Even if he stretches some examples Mr Christensen has clearly identified something big. The problem is more that the definition of disruption he seeks to impose is too narrow. He rules out Uber because, from the start, it offered a better level of service than existing taxi firms, rather than something cheap but inferior. But ask any cabbie if it threatens to disrupt his business, and you will be left in no doubt of the answer. As Isaiah Berlin, a philosopher, would have put it, Mr Christensen is a hedgehog (someone who knows one big thing) rather than a fox (who knows lots of little things): his hedgehog mind leads him to ignore or belittle companies or market forces that do not fit his template.
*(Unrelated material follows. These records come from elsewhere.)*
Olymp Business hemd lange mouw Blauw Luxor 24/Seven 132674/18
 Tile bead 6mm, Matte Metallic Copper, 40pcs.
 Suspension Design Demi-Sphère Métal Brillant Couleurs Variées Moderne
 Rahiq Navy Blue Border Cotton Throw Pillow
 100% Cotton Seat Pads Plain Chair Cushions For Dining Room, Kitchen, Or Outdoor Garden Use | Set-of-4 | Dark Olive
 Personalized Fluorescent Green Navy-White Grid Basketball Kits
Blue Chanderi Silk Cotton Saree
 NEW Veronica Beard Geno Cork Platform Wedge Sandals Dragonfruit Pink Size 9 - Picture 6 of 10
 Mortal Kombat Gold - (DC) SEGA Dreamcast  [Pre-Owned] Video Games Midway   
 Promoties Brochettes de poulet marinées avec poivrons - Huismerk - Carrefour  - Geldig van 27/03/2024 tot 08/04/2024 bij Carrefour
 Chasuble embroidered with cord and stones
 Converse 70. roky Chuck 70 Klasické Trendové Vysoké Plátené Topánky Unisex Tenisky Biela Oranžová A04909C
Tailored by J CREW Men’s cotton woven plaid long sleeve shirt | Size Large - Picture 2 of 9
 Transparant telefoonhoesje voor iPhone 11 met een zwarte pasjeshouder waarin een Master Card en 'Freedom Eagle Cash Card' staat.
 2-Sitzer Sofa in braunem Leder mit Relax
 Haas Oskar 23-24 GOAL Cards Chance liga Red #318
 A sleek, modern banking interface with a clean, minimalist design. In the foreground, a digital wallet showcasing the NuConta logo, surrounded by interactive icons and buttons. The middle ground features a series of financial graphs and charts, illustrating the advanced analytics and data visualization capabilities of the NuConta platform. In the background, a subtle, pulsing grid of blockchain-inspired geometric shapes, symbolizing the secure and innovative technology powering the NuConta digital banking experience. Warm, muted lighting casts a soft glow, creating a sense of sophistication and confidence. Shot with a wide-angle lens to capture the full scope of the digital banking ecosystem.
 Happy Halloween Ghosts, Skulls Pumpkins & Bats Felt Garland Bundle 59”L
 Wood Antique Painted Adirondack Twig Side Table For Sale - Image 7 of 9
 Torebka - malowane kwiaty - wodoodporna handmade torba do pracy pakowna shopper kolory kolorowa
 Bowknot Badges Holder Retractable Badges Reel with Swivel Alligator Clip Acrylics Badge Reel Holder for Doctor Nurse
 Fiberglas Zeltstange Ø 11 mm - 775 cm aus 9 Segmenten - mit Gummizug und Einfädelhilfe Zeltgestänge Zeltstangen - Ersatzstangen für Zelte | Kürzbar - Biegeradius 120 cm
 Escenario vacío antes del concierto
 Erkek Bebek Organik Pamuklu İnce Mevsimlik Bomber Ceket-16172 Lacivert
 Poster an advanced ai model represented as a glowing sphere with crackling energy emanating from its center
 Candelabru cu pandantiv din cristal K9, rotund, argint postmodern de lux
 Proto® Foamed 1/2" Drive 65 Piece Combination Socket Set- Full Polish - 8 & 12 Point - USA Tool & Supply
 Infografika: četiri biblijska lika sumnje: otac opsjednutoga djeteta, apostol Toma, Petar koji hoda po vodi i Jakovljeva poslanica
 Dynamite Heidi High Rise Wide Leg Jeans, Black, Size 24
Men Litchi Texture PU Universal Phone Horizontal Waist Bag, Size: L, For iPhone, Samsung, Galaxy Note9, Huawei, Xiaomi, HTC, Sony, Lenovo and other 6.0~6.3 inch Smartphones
In Mr Christensen’s theory, disruptive innovators are generally newcomers. But perhaps the most successful disrupter of recent years is an established firm—Apple—that has applied its mastery of technology and design to ever more areas. Mr Christensen greeted the arrival of the iPhone with a shrug: this was a “sustaining” rather than a disruptive innovation, with “limited” chances of success. He failed to see that Apple was reinventing an entire category of product, by turning the mobile phone into an all-purpose computer, entertainment system and shopping centre.
Mr Christensen argues that “real” disruptive innovators succeed by attacking from the low end of the market. But Apple has invariably succeeded by aiming at the top end. Likewise, Netflix destroyed Blockbuster by attracting its core customers: people who were so enthusiastic about watching films that they would pay a monthly subscription to consume them in bulk. Both Netflix and Uber have prospered by dealing with the “pain points” of core customers: in Netflix’s case, Blockbuster’s limited range and punishing late-return fees; and in Uber’s case, the manifold inefficiencies of the established taxi industry.
Back in 1995 Mr Christensen struck fear into executives by warning them that they could be put out of their jobs by companies they had never heard of. Today the biggest threats may come from people they talk about every day.